- Task description:
Both the line below containing "Беспроводные наушники apple airpods pro 2" and the line containing "Best Lawyers - Ones", along with every line between them, should be repeated exactly; no other line belongs in the answer.

(Given entries)

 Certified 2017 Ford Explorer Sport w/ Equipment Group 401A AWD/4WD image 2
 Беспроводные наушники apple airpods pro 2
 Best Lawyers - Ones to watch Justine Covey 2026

(End Given entries)
(Given entries)

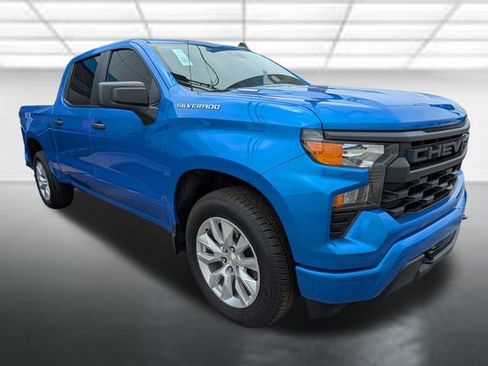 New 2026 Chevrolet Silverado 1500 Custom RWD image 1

(End Given entries)
(Given entries)

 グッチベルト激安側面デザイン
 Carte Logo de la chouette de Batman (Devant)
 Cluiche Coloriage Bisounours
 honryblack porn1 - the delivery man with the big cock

(End Given entries)

- Expected output:
 Беспроводные наушники apple airpods pro 2
 Best Lawyers - Ones to watch Justine Covey 2026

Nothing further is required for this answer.